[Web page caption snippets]
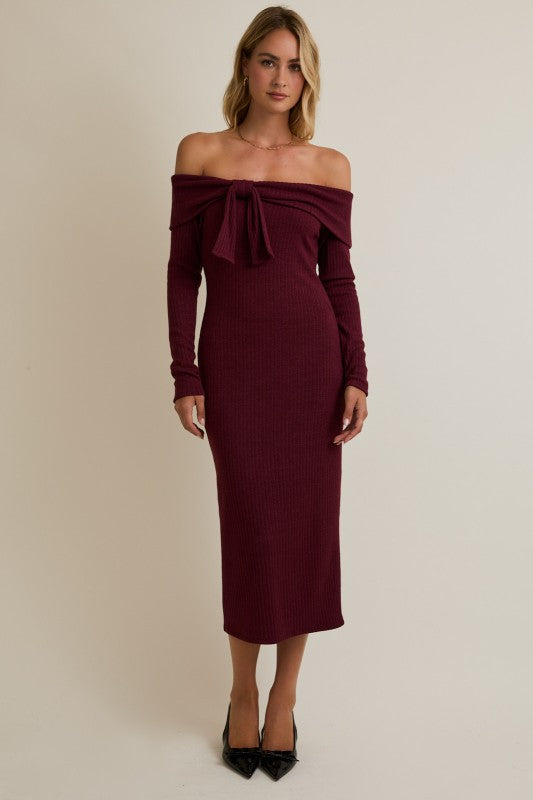 Off Shoulder Front Tie Midi Dress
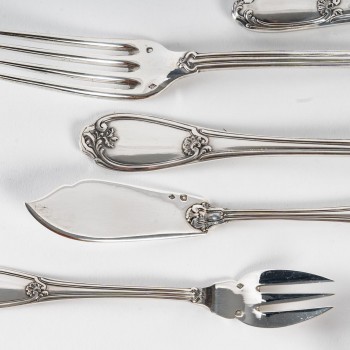 Silversmith HENIN - 120-piece solid silver cutlery set - Minerva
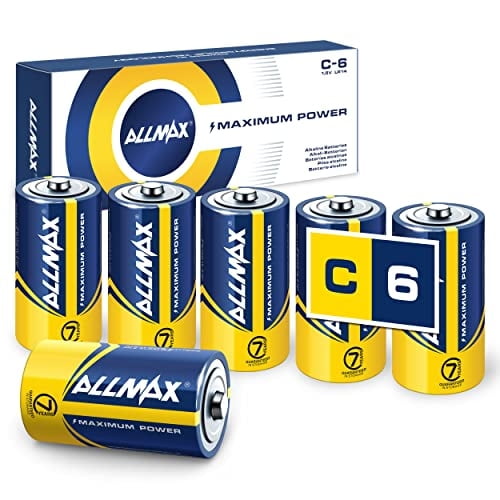 Pilas alcalinas Allmax C de máxima potencia de 1,5 V (paquete de 6)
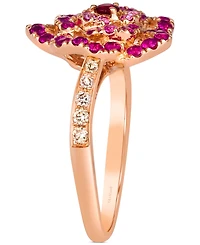 Le Vian Multi-Gemstone (7/8 ct. t.w.) & Nude Diamond (1/6 ct. t.w.) Flower Ring in 14k Rose Gold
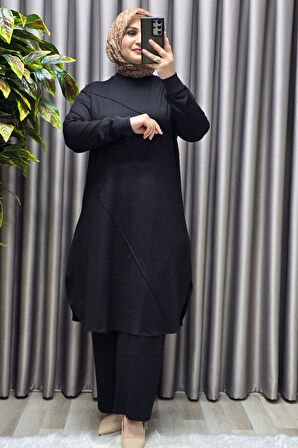 Kadın Tesettür Büyük Beden Giyim Nervürlü İkili Takım 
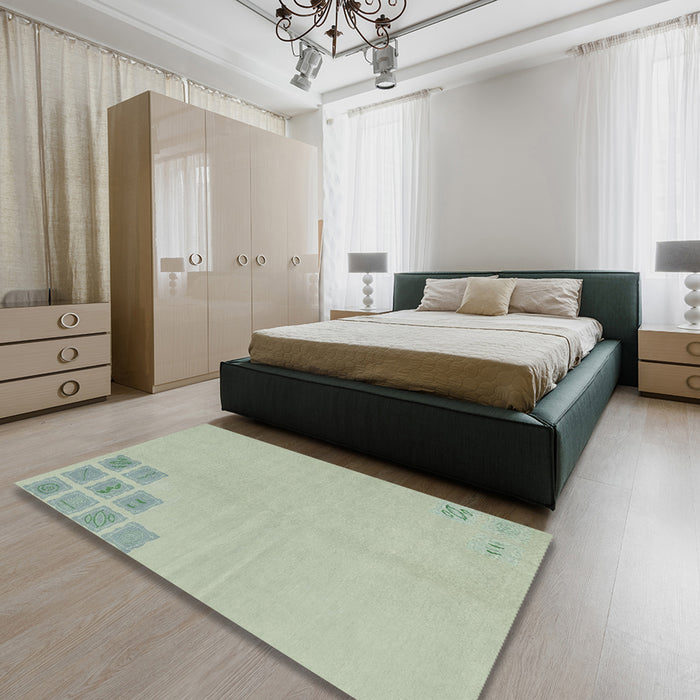 Machine Washable Abstract Green Rug in a Bedroom, wshabs3439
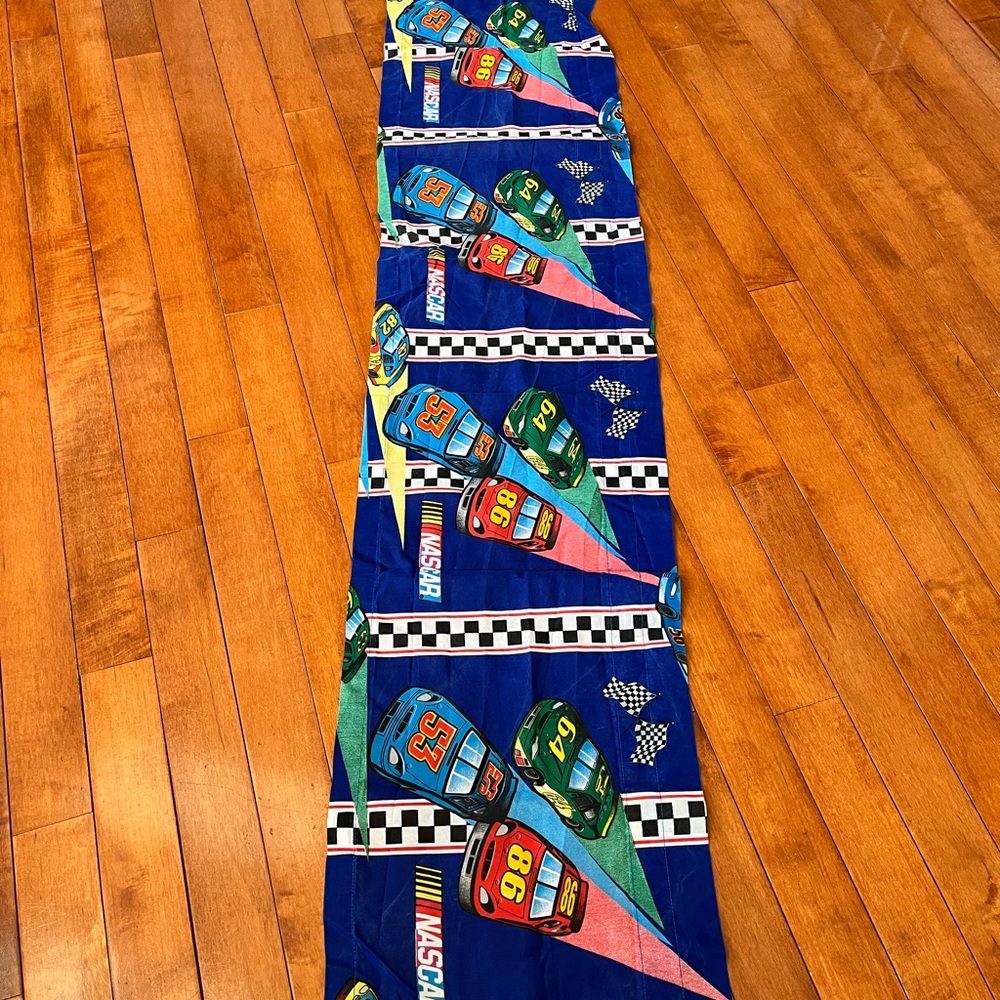 Window valance for boys room, nascar theme window valance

Exercise details: All lines from the one bearing "Machine Washable Abstract" through the last line of the records, and only those, should be duplicated exactly; no picture belongs in the copy.

Solution below:
 Machine Washable Abstract Green Rug in a Bedroom, wshabs3439
 Window valance for boys room, nascar theme window valance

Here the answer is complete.